Néanmoins, s’il faut distinguer des degrés dans cette légitimité, le plus haut revient indiscutablement à l’UGTT. C’est sa fête à elle et, partant, de tous les travailleurs tunisiens. Pour ce, la Centrale syndicale a mobilisé 500 membres chargés du bon déroulement de la fête, et prévu une grande exposition et des spectacles de rue. A cet égard, l’UGTT est, elle et seulement elle, l’organisatrice et le maître d’œuvre. Un membre de son bureau exécutif, Sami Tahri, a prévenu sans ambages: «C’est notre défilé: il aura pour point de départ la Place Med Ali à 10h 00 et se poursuivra ensuite sur l’Avenue Bourguiba. Nous avons l’autorisation de l’Etat, et celui qui se prépare à gâcher notre fête sera considéré comme un saboteur. Nous sommes une grande maison et recevons tout le monde, mais nous n’accepterons aucune instrumentalisation politique».

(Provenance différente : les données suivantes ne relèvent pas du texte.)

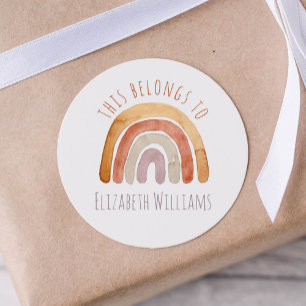 Moderne Rainbow Personalized Name School Ronde Sticker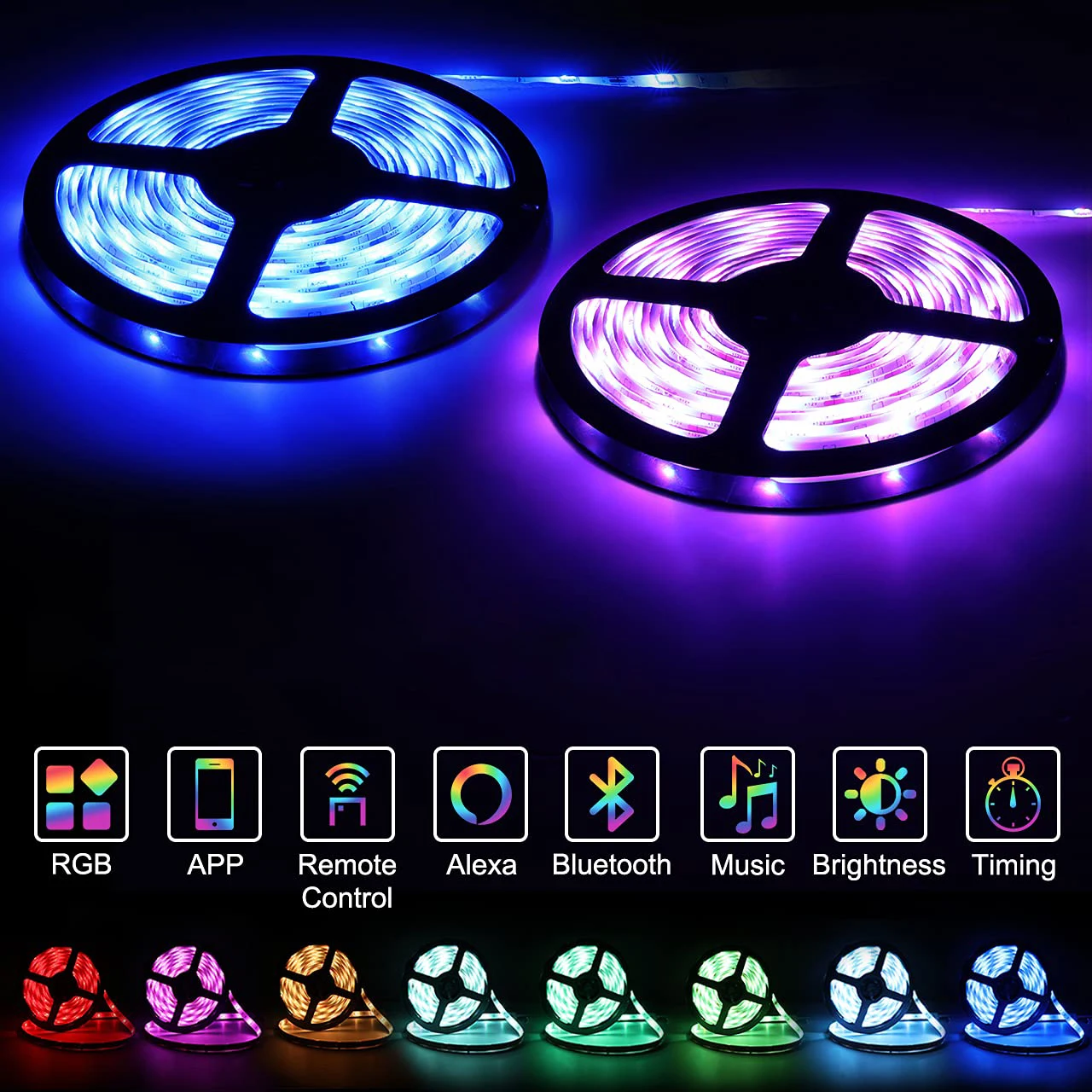 Bluetooth TV LED Backlights Strip Lights 5050 RGB Light Strip Music Sy –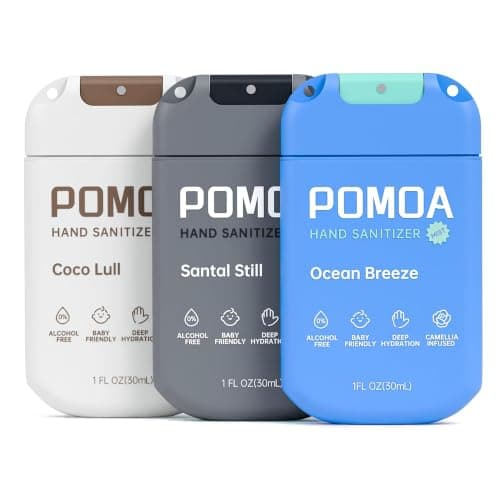 POMOA Alcohol Free Hand Sanitizer Spray, Non Irritating, Hydrating and Non Greasy, Gentle Fine Mist, Travel-Friendly Pocket Size 1 Fl Oz (Pack of 3), Fresh Care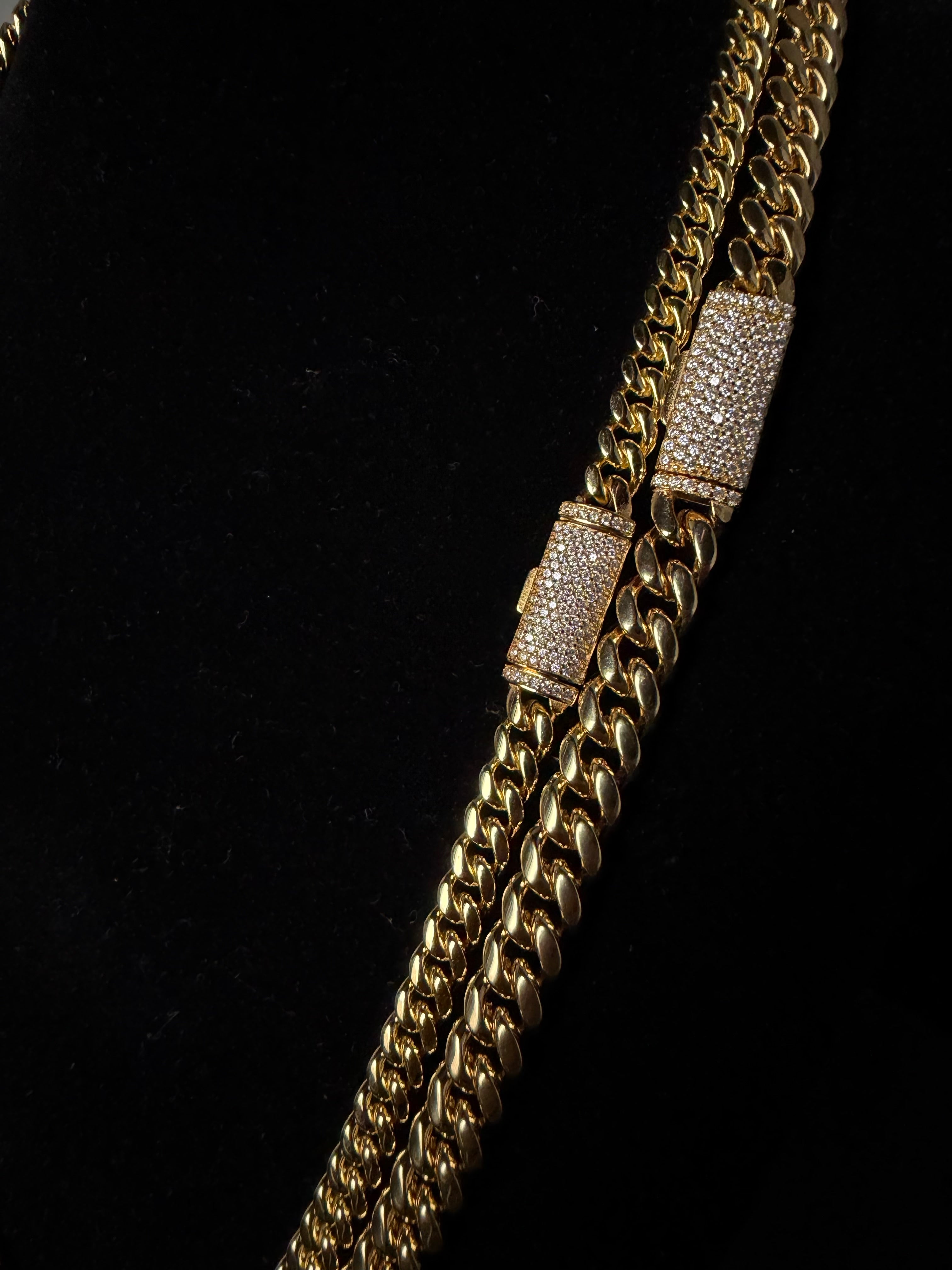 Gelati's 18K Vermeil Gold -DVVS1 Lab Moissanite Diamond Lock Miami Link Cuban Necklace in Solid 925 Sterling Silver & Titanium .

De fait, le ministère de l’Intérieur (qui a organisé l’Avenue en prévision du 1er Mai) confirme ladite autorisation sur, toutefois, le ton d’un avertissement: «Nous n’avons délivré que deux, et seulement deux, autorisations de défiler: à l’UGTT et à l’UTT, avec des horaires différents et des parcours distincts». Une manière très claire de dire qu’en dehors de ces deux organisations, il n’appartient à personne de s’approprier cette fête nationale ou tenter de mordre dessus. Mais il faut dire que le parti Ennahdha a tenu, à l’occasion, des propos conciliateurs: «Nous avons demandé à notre base de faire en sorte que les slogans et les affiches adhèrent aux valeurs du travail et de tout ce qui fait l’unité du peuple tunisien. Nous ne porterons aucun slogan partisan, cette fête est celle de tous les Tunisien». Amen !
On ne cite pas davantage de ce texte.